The following post is a resource contributed by Mickie Abatemarco, Assistant Director of Professional Development at NCEA.
Halloween is fast approaching and the traditional ghosts and goblins will be knocking at our doors. But have you ever wondered where the tradition comes from? Halloween marks the eve of the feast of All Hallows Day, and for many cultures this signifies the beginning of the Day of the Dead.
The Day of the Dead coincides with the Roman Catholic festivals All Saints and All Souls Day whose traditions are celebrated in many cultures including Central and South America, Italy, Spain and the Philippines.
In Central and Southern Mexico, parties take place in the cemeteries and alters are built in homes to honor family members who have passed on. The belief is that the gates of heaven are opened at midnight on October 31 and the spirits of all deceased children are allowed to reunite with their families for 24 hours.

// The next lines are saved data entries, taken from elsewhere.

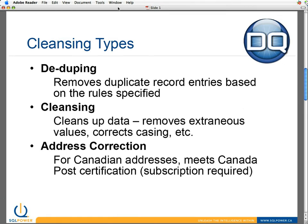We also offer address correction — for those of you in the Great White North, we have Canada Post certification, available at an extra fee for Canadian addresses, which is what Canada Post charges for their data. But today I'm going to talk about one of the biggest features of DQ Guru, which is deduping.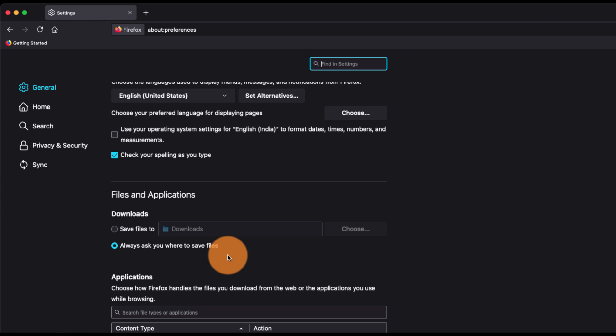So these are the two options where you can manage and set the default download location or change the default download location in Mozilla Firefox browser.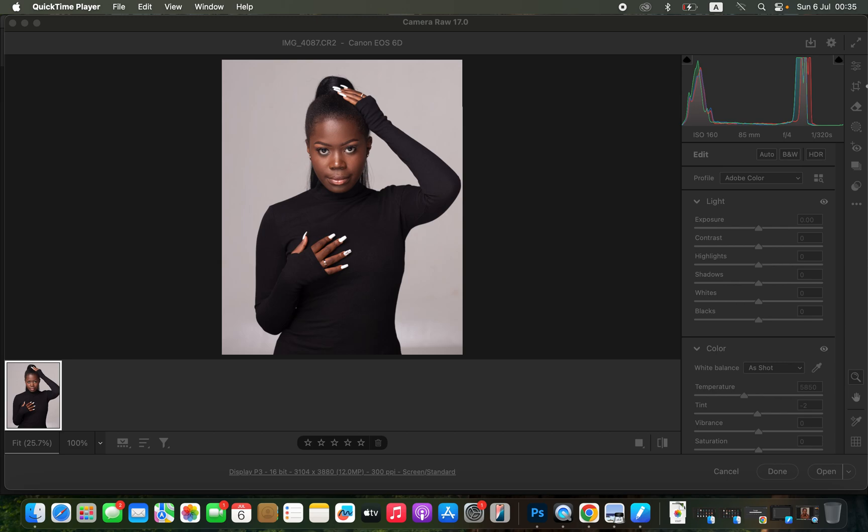Hello, in this very short tutorial, I'll show you how you can easily edit a photo in Photoshop from the start to the very end. In case you want to download this raw image to follow along, simply check the link in the video description to download the raw image.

On November 2, the spirits of the adults come down to enjoy the festivities that are prepared for them. The Day of the Dead is much more than a celebration, it is a day that focuses on family and friends gathering together to pray for and remember those who have passed on as well as help support their spiritual journey.
Like most cultures, food is an essential part of family celebrations. Pan de muerto, the “Bread of the Dead,” is one of the many special candies and foods are prepared on this day. A plastic small skeleton is baked into each loaf, and it is considered good luck to bite into the skeleton.
It’s important to help our students understand the cultures and traditions surrounding them. Please take a moment to share activities and ideas with them.